By: Gary A. Vecchiarelli, CPA and CleanSpark Chief Financial Officer
It’s not often that something exciting happens in the world of accounting, but this week there was an important announcement for bitcoin and cryptocurrency companies that even non-accountants can appreciate. The Financial Accounting Standards Board, (FASB, or faz-bee, for short) said companies should measure crypto assets with an accounting method called fair-value accounting. The change allows for bitcoin and cryptocurrencies to be reflected at fair value on the balance sheet.
There are two reasons why this announcement is exciting for accountants and non-accountant alike, but first it is important to understand how we got here and what the changes mean for bitcoin and cryptocurrency companies.
FASB sets the rules for how U.S. companies account for certain transactions. Right now, companies who have bitcoin and other cryptocurrencies on their balance sheet have to account for those digital assets under a rule called ASC 360.
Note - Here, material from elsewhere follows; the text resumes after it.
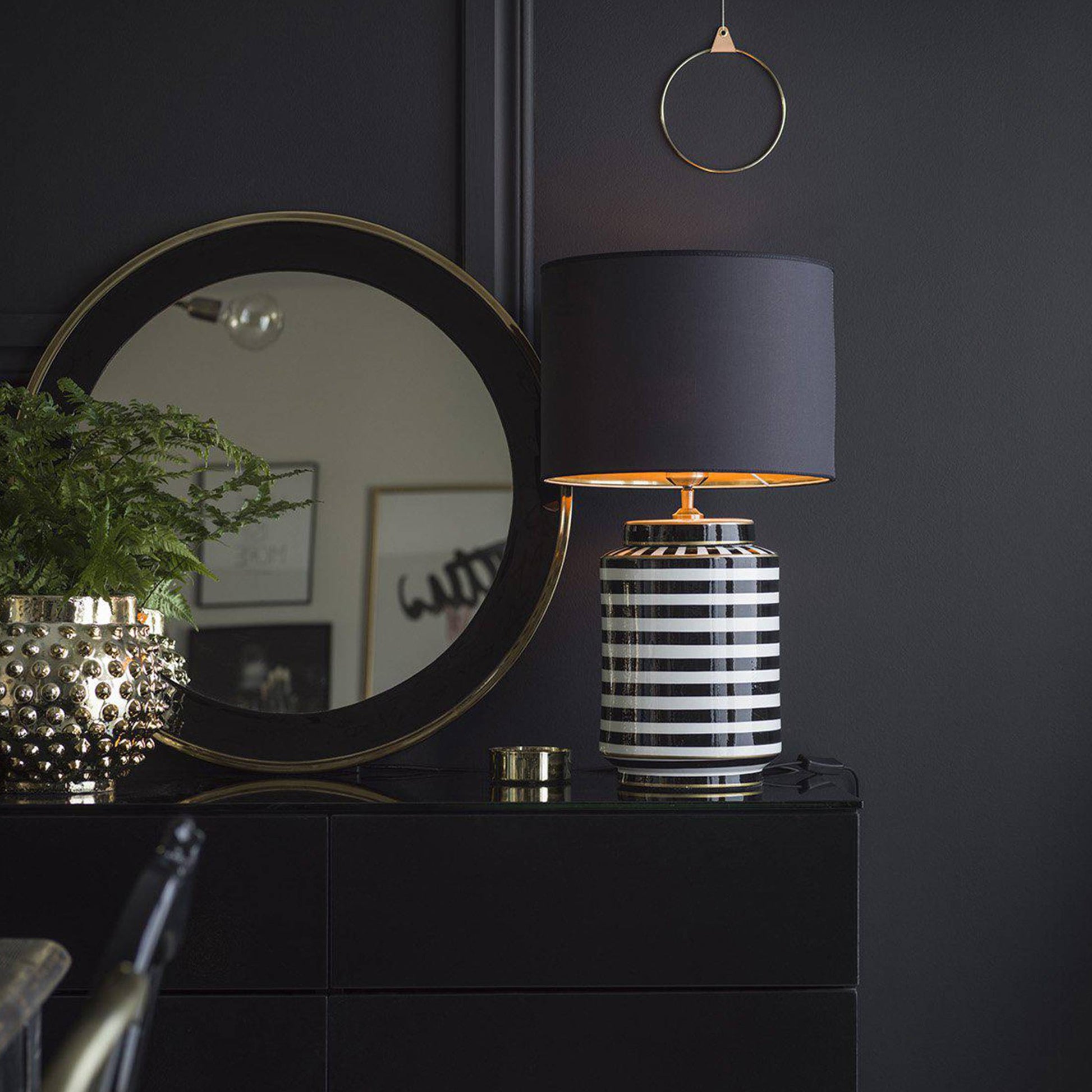 Moderne Tischlampe | Lampe aus Keramik Schwarz Weiß Gold | Lampenschirm schwarz | Skandinavische Lampe | Tischlampe Wohnzimmer | Soulbirdee Lampenshop Gestreifte Lampe aus Keramik Marke PR Home aus Schweden. Tischlampe im eleganten Stil für das Wohnzimmer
ASC 360 requires cryptocurrencies to be accounted for as intangible assets. Companies and investors have never liked the decision to treat cryptocurrencies as intangible assets because it is not an accurate way to represent the value of crypto on a company’s balance sheet.
Allow me to explain with an example. Under the current rule (that’s ASC 360), when we mine a bitcoin on Monday at a price of $25,000, we then record revenue of $25,000 and show a value of $25,000 on our balance sheet for that bitcoin.
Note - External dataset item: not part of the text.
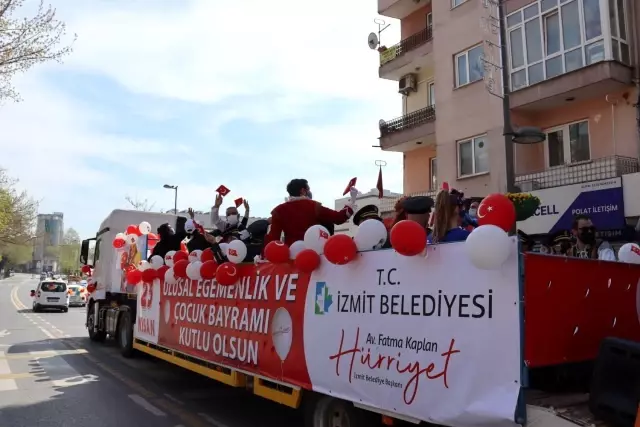 izmit sokaklarinda 23 nisan konvoyu 3 14085684 o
But let’s say on Tuesday the price of bitcoin finishes the day at $24,000. ASC 360 requires us to write that bitcoin down by $1,000, thus impairing the asset. This process results in a line item on our income statement showing an expense of $1,000. Seems harmless and accurate so far, right?
Except that bitcoin and crypto is volatile. It goes up and down daily. So, if on Wednesday the bitcoin we mined on Monday increases to $26,000, we are not allowed to recognize that change. Instead, we have an asset worth $26,000 on our balance sheet that only shows as $24,000.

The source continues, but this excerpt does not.